Author | Tania Alonso
Since its discovery under a blanket of ash and other materials almost three centuries ago, the ruins of Pompeii have continued to reveal information about the people that lived there and their lifestyle. Now, a new study suggests something else: the citizens of Pompeii had a system for recycling and reusing waste, which may have determined, to a certain extent, the formation of the city itself.
History of recycling: Pompeii Ruins reveal piles of trash preserved as mounds
An archaeological study led by Professor Allison Emmerson, who teaches Classical Studies at Tulane University in New Orleans, suggests that the people of Pompeii stored their trash in mounds outside the city. However, this was not to get rid of it, but rather to classify it and, subsequently reuse it.
They reached this conclusion by analyzing samples of soil recovered from the waste excavated inside and outside the city’s walls. The difference between the soils enabled them to discover whether the trash had been generated in the place in which it was found or whether, on the other hand, it had been recollected somewhere else to be reused and recycled.
The trash obtained from cesspits, for example, contained remains of organic materials. However, the waste piled up outside the city’s walls was covered with sandy deposits. This waste included pieces of tile and lumps of mortar and plaster. Materials that could be easily reused inside the walls.
“Part of the city was built out of trash”
Together with fellow archaeologists Steven Ellis and Kevin Dicus, from the University of Cincinnati, the archaeologist was able to verify that the Romans recycled these materials. They were found, for example, in the walls of the buildings (which were finally embellished with a last layer of plaster). Inside these walls there were also signs of the same sandy soil found in the mounds of waste.

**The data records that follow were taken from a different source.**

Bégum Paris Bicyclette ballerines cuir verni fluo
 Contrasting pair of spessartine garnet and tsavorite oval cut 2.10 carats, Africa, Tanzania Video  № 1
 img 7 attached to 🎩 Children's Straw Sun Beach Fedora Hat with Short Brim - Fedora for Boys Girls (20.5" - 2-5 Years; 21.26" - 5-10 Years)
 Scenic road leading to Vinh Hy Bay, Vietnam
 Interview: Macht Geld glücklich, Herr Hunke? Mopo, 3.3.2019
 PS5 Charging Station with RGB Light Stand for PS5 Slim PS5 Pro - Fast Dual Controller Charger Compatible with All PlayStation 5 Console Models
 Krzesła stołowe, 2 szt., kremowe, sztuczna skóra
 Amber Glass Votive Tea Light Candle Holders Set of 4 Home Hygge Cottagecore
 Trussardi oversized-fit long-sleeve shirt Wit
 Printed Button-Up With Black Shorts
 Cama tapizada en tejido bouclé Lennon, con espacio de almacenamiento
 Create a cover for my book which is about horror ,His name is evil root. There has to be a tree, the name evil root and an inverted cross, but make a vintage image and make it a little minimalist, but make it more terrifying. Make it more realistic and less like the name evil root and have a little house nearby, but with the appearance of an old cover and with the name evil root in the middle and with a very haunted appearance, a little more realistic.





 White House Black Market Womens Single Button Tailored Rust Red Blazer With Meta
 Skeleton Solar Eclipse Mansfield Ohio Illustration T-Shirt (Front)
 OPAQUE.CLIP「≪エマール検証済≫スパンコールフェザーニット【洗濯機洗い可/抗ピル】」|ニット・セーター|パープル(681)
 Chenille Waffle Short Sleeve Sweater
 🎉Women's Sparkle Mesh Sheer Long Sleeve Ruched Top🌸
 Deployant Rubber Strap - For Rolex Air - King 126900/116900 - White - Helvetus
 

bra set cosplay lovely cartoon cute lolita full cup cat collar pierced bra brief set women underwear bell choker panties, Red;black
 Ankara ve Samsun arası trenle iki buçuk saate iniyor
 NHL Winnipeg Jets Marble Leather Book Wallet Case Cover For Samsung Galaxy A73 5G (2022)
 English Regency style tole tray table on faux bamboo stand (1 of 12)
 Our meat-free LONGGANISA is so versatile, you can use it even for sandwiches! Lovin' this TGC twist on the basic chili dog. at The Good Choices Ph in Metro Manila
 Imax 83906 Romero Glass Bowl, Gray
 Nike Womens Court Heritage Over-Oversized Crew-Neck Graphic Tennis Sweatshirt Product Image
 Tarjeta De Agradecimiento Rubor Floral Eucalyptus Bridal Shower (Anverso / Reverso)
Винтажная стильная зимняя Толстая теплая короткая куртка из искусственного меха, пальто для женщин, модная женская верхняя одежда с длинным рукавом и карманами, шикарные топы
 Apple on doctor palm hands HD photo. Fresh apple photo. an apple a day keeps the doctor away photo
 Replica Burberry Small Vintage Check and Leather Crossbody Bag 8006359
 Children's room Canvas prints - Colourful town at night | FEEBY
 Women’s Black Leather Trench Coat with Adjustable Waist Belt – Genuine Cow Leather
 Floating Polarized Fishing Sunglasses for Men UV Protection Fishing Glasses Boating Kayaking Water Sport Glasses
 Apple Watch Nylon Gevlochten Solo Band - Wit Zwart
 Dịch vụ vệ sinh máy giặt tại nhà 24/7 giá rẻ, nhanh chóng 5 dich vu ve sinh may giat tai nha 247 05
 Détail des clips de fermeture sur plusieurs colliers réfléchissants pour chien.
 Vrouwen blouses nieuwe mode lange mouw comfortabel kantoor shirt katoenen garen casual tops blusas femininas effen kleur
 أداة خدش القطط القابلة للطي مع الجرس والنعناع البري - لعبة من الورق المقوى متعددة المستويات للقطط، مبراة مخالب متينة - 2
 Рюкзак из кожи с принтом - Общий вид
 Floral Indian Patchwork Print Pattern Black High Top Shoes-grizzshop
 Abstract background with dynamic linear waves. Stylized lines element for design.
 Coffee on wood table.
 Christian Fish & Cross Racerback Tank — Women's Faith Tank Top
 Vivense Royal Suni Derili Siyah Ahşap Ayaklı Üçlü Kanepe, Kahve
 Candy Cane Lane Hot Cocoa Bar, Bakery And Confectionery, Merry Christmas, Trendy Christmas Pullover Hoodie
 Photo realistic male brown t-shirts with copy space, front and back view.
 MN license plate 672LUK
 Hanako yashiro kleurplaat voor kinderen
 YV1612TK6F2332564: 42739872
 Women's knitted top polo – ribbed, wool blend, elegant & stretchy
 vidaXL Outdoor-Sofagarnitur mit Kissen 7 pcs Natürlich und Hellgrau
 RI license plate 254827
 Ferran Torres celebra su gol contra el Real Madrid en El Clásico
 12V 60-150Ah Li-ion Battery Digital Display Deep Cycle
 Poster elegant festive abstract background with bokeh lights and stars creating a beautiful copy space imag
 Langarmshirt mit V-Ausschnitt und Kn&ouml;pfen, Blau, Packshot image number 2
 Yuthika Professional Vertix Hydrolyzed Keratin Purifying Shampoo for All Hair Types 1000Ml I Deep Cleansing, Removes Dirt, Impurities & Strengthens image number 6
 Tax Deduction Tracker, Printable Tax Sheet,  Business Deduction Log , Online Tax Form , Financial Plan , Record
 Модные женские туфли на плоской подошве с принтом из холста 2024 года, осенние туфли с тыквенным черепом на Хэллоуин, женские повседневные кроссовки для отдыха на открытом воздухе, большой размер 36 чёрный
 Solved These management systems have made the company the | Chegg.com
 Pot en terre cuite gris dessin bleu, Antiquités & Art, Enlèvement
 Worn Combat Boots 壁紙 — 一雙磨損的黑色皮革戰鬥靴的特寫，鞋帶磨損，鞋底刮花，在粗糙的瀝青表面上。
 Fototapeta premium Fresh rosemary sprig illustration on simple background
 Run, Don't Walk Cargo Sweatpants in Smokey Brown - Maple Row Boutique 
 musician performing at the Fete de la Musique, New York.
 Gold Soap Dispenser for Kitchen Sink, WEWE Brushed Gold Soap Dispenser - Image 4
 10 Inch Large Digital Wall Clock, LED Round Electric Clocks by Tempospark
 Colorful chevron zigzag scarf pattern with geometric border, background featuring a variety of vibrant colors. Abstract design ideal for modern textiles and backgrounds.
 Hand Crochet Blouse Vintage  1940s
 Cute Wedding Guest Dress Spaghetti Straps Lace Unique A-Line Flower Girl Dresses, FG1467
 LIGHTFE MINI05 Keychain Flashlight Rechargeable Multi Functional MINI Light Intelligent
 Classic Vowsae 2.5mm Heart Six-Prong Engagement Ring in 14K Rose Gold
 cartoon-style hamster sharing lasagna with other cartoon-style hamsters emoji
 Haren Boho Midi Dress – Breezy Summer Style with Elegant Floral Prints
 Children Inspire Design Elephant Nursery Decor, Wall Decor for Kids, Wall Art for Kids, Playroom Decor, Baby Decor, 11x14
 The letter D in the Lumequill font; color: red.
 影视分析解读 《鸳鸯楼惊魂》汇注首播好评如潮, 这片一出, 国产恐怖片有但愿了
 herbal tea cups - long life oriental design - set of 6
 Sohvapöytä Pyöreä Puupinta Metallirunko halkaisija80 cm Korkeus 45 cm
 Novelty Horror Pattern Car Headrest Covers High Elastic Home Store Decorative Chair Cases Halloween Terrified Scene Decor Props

“We found that part of the city was built out of trash”, she told The Guardian. “The piles outside the walls weren’t material that’s been dumped to get rid of it. They’re outside the walls being collected and sorted to be resold inside the walls.”
An urban system that prioritizes the commercialization of waste.
Allison Emmerson’s work is based on the assumption that the Romans in Pompeii had a very different idea of waste management than what we have today. “Trash was an unavoidable part of Pompeian life. It covered streets, clogged drains, piled in gardens, and filled shallow pits inside inhabited rooms”, she explained in 2019 in relation to her public talk entitled Another man’s treasure? The life and afterlife of Pompeii’s waste’.
However, some elements were given a second use. “The piles of trash did not function as modern landfills, rather they served as staging grounds for processes of recycling and reuse. Indeed, the recent excavations show the extent of such reuse to be far greater than has been imagined in the past”, she adds.
For years, the accumulation of waste outside the city’s walls was thought to have served to free it from the rubble from an earthquake that occurred years before the eruption of the Vesuvius. This new study takes us away from that idea and suggests that the Romans used to recycle. And that this city had an elaborate waste reduction system (or one designed for commercial purposes).